Personal information
- Full name: Douglas Goodman
- Date of birth: February 28, 1995 (age 31)
- Place of birth: Nashville, Tennessee, U.S.
- Height: 1.76 m (5 ft 9 in)
- Position: Midfielder

Youth career
- 2011–2013: Clearwater Chargers

College career
- Years: Team / Apps / (Gls)
- 2013–2016: Georgetown Hoyas / 80 / (7)

Senior career*
- Years: Team / Apps / (Gls)
- 2014: IMG Academy Bradenton / 8 / (0)
- 2017: Detroit City / 15 / (2)
- 2018: Pittsburgh Riverhounds / 2 / (0)
- 2019–2020: Detroit City / 21 / (1)

= Bakie Goodman =

American soccer player (born 1995)

Douglas "Bakie" Goodman (born February 28, 1995) is an American soccer player.

==Career==
===College===
Goodman spent his entire college career at Georgetown University between 2013 and 2016, where he made 80 appearances, scoring 7 goals and tallying 12 assists in his town with the Hoyas.
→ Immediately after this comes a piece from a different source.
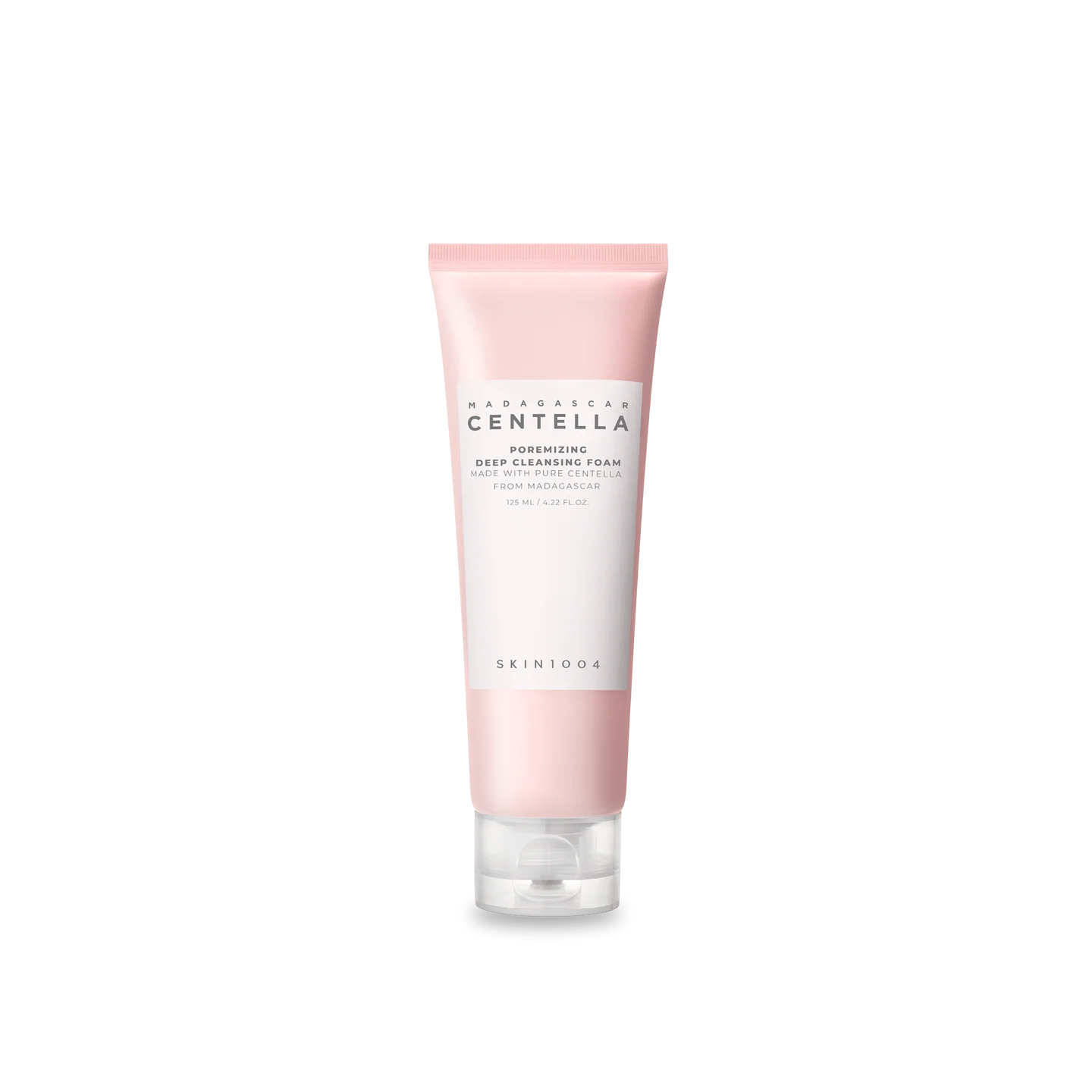 SKIN 1004 - Madagascar Centella Poremizing Deep Cleansing Foam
In 2014, Goodman played with USL League Two side IMG Academy Bradenton.

===Professional===
Goodman was selected in the third round (56th overall) of the 2017 MLS SuperDraft by Seattle Sounders FC. He trained with Seattle's USL affiliate Seattle Sounders FC 2, but was released a week before the beginning of the season.

Following his release by Seattle, Goodman joined NPSL side Detroit City FC for their 2017 season.

On February 23, 2018, Goodman signed for USL side Pittsburgh Riverhounds SC.

Goodman rejoined Detroit City FC on 4 February 2019.